Forum Moderators: phranque

Message Too Old, No Replies

RewriteCond Backreference issue

         

moroandrea

3:28 pm on Nov 12, 2010 (gmt 0)

10+ Year Member



I don't remember where, but I read the RewriteCond Backreference is valid for the first rule only.

This could be a problem for a group of rules that reguire to access to the backreference and I was wondering if there is a way to avoid such limit.

As I believe the answer is no, what is more performant between the following two options:

a) try to group the Rewritecondition as much as possibile in a similar fashion

RewriteCond %{HTTP_HOST} ^(www\.)?test\.eu(\.|\.?:[0-9]+)?$ [NC]
RewriteCond $1 ^abc/?$ [OR]
RewriteCond $1 ^xyz/?$
RewriteRule ...

b) Have a RewriteCond per each RewriteRule that require the backreference?

Many thanks

g1smd

4:48 pm on Nov 12, 2010 (gmt 0)

WebmasterWorld Senior Member 10+ Year Member Top Contributors Of The Month



That depends. In many cases there are other ways to code the rest of the rule, so avoiding the problem altogether.

For example

RewriteCond $1 ^abc/?$ [OR]
RewriteCond $1 ^xyz/?$


can be coded as

RewriteCond $1 ^(abc|xyz)/?$


In many cases, you won't even need the pattern to be in a separate RewriteCond, it might be better off as the main pattern within the RewriteRule line itself.

moroandrea

5:17 pm on Nov 12, 2010 (gmt 0)

10+ Year Member



Hi G1smd

thanks for the answer as usual

well the patterns I have are something like

abc/store/sock/size-10
abc/store/sock/size-11
abc/store/sock/size-12

which I would like to redirecto to the new socks folder

I guess I could use both the ways, but I guess in terms of readability the first example is the first one.
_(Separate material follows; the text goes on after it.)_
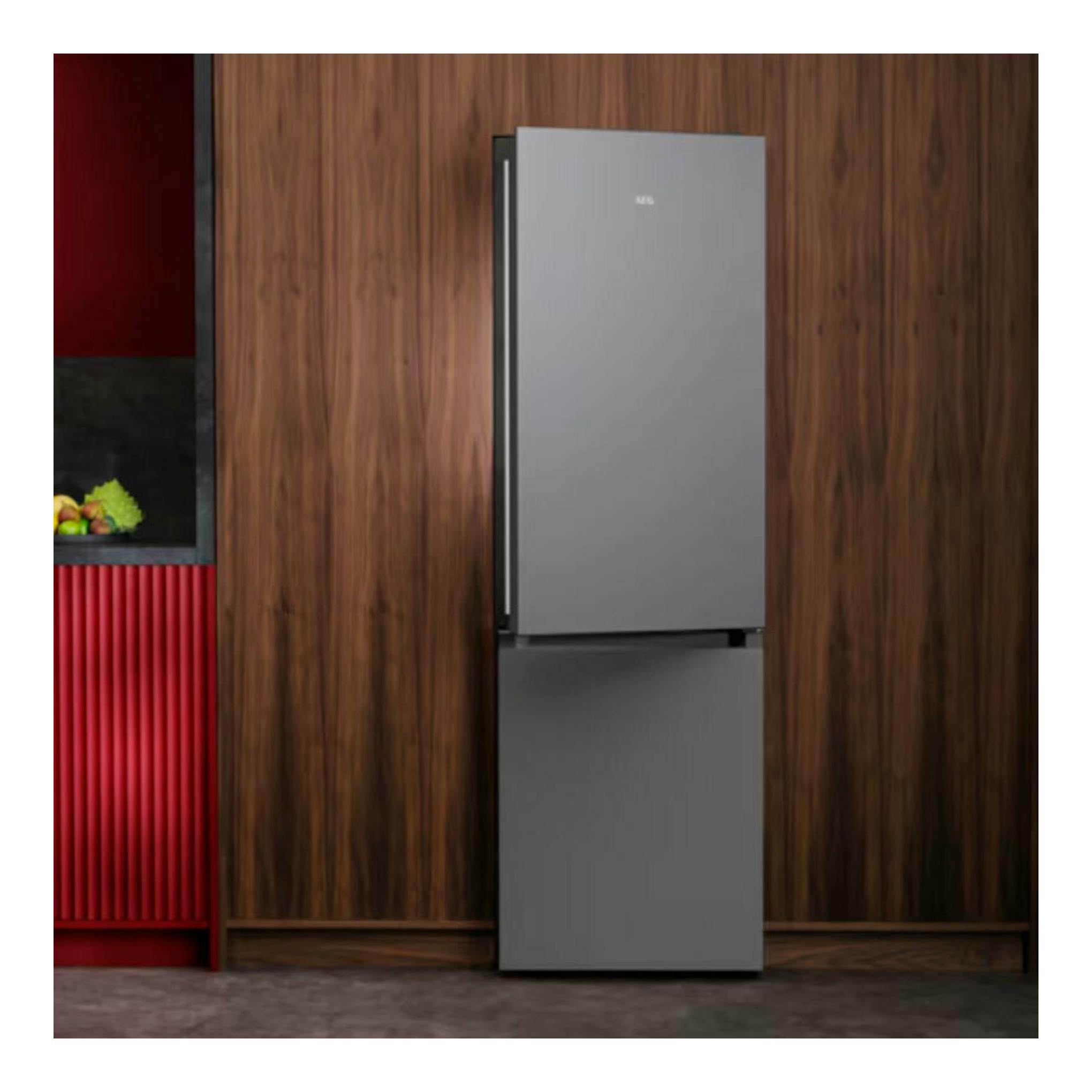 Frigorífico combi AEG ORC6N321DS inox, vista frontal, puerta superior y cajón inferior.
Is there a limit to group them with the or (pipe)?

g1smd

5:27 pm on Nov 12, 2010 (gmt 0)

WebmasterWorld Senior Member 10+ Year Member Top Contributors Of The Month



If there are always three slashes in the URL, and you need to individually pull each slash-delimited part out and re-use some of them, you can use ([^/]+)/ to find all characters up to the next slash, repeating that pattern the same number of times that you have slashes in the URL.
The [^X] operator is "NOT X"; and the + operator means "one or more times".
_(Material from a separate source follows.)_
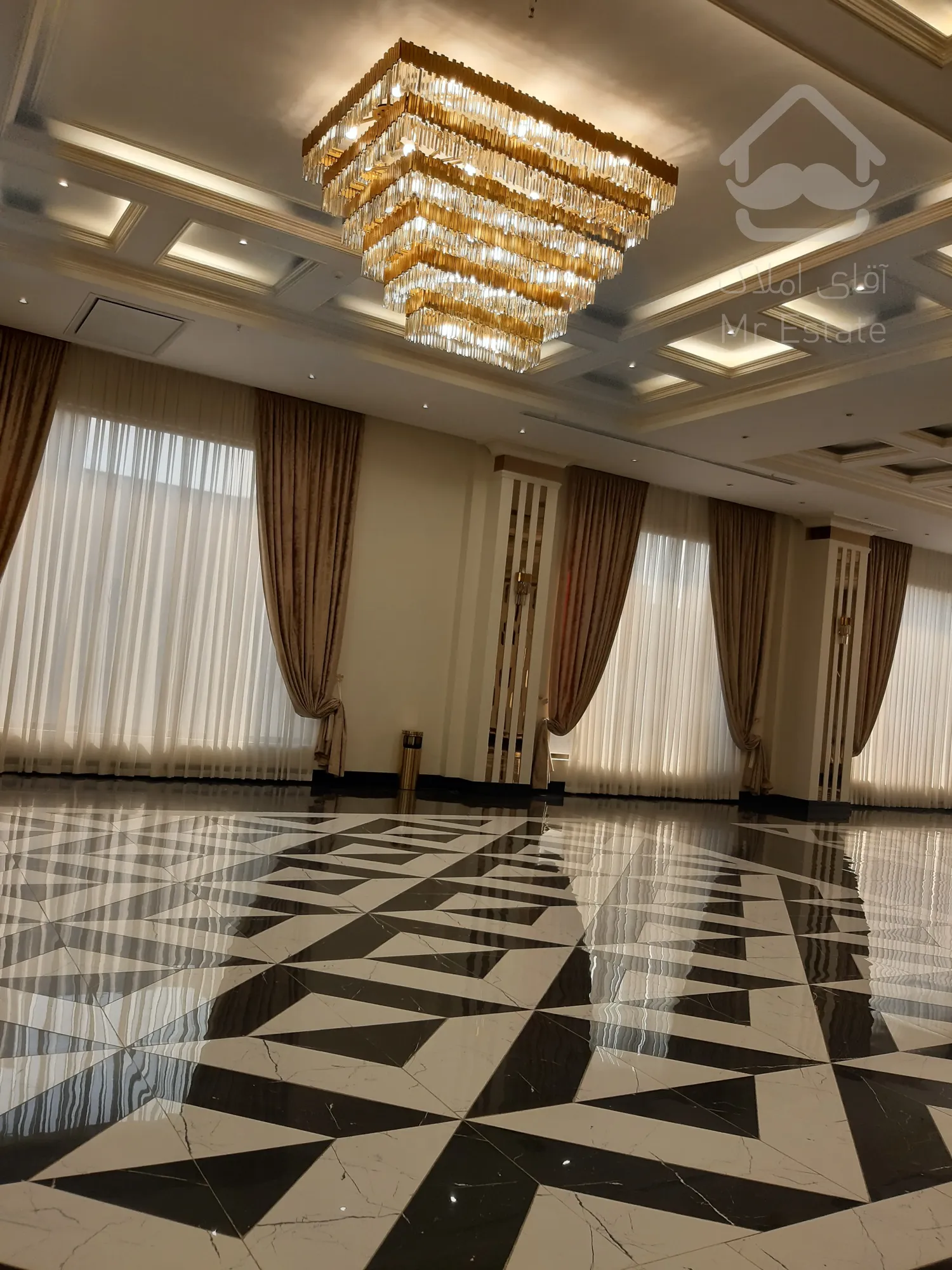 پیش فروش اقساطی 40 ماهه در رونیکاپالاس دردشت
If it's just the size changing, then ^abc/store/sock/size-([0-9]{1,2})$ will find all requests that end with exactly one or two digits.
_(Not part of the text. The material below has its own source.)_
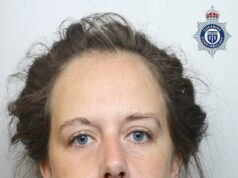 Momento em que duas irmãs deixam uma amiga inconsciente no chão depois de atacá-la violentamente na noite de aniversário Katrina Witham, 30, (foto) desferiu uma explosão brutal de 23 socos no rosto da vítima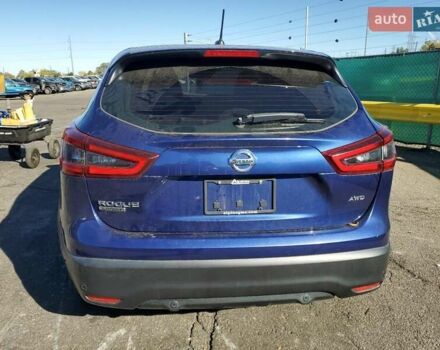 Синий Ниссан Rogue Sport, объемом двигателя 2 л и пробегом 88 тыс. км за 3000 $, фото 5 на Automoto.ua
The patterns and their coding depend on EXACTLY what you want to do, defined down to the individual character level for all URLs that you wish to deal with.

moroandrea

10:16 am on Nov 13, 2010 (gmt 0)

10+ Year Member



Well, mine was an example ...

I don't have the full list of the URL with me, but they are something like this

/store/categorylist/clothing/dresses/*
/store/department/clothing
/store/clothing

This is the general pattern, but in some case it could be slightly different like

/store/categorylist/boys/dresses/*
/store/categorylist/girls/dresses/*
/store/categorylist/children/dresses/*
/store/department/dresses/children
/store/department/dresses/boys
/store/department/dresses/girls

It is a real nightmare!

g1smd

10:49 am on Nov 13, 2010 (gmt 0)

WebmasterWorld Senior Member 10+ Year Member Top Contributors Of The Month



Well, the first thing to do is make a list of EVERY URL format (every format, not every URL) found on the site, including calls for images, stylesheets and scripts. Also include searchengine verification files, robots.txt, and so on.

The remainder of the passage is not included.